There’s no doubt that housing is in crisis, and the housing crisis is practically synonymous with a larger economic reckoning. Home ownership has been the single largest way Americans build wealth, but that entire mechanism is increasingly out of reach as private equity and property speculators buy up houses and push ownership out of reach for more and more people, not to mention the rent being too damn high. People brought all of this and more into the comments of our last piece, along with numerous other testimonies, perspectives, and observations. We wanted to share some of these comments to let folks know that if simply living in the place you love has gotten more difficult and expensive, you are not alone. This is a national crisis, and one we have to face together.
Below are some visuals with just a few of the many wonderful comments you all left. And there were so many good ones that we added more in text form below as well. We hope this pieces allows folks to learn from one another, to see snapshots of the vast range of experiences and difficulties people are encountering right now. And, again, we hope you know that because of the universality of this issue, it’s one we can organize around in the form of tenant unions, legislation, and community organizing. We hope this can be a resource for you, for your neighbors, and for prompting change. Without further ado, here are some of your powerful testimonies:
The West Coast


“This is happening all over western Washington as the tech-families sell off their homes in affluent neighborhoods in Seattle and convert to remote jobs. Specifically, the town of Vashon, which is in the worst housing crisis it’s ever seen. The town has a population of roughly 10,000 people, the average home price is leading closer to 1 million each day. People cannot afford to work here, as they cannot afford to live here. The average rent is around $2700 a month for one bedroom spaces, and many rely on home sharing. Some bedrooms rent out for $900-1200 a month. We have seen the decay of Seattle, and now our small towns are rapidly gentrifying. It’s happening at an alarmingly fast rate.” -Erin
“Seattle. Many small, single family dwellings in my formerly lower/lower middle class and diverse neighborhood are being bought by developers. They are cramming mini apartment buildings or 6 condos/townhomes into the lot, covering almost every square inch of the plot of land and then selling, at crazy rates to young, mostly white, professionals. It is gentrification on steroids....instead of higher income families and individuals coming into the neighborhood and adding value and money to the mix already there, the entire socio-economic and racial makeup of the area is being rewritten in a matter of years.” -Anonymous
“This is happening in Oregon as well…
I had a woman recently tell me how, when she finally made it into a tiny apartment, she sobbed about letting go of the broken down truck that had been her home for 2 years. She had been working full time for the duration, and it took that long for her to save up for the security deposit.

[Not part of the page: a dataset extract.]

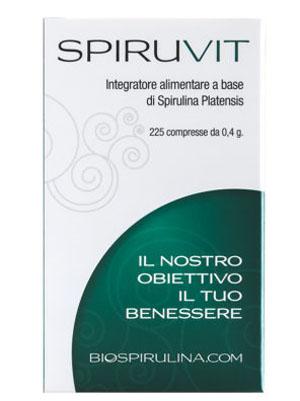 ND Spiruvit Bio 225 compresse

Another told me how the only residents who don't have to deal with the mobile RV meth labs that rotate park on local residential streets, are the folks in the brand new gated community. The roads to and from that oasis are being re- routed to give those residents quicker access to the shopping areas.
Of course, the folks in cheaper in town residences have to rely on over priced food from gas stations, while they wait for the weekly food bank to open for 6 hours.
Local and state entities are attempting to address the housing crisis, and the new rent controlled apartment building that opened downtown in January was full, with a remaining 100+ out of luck applicants, within 30 days.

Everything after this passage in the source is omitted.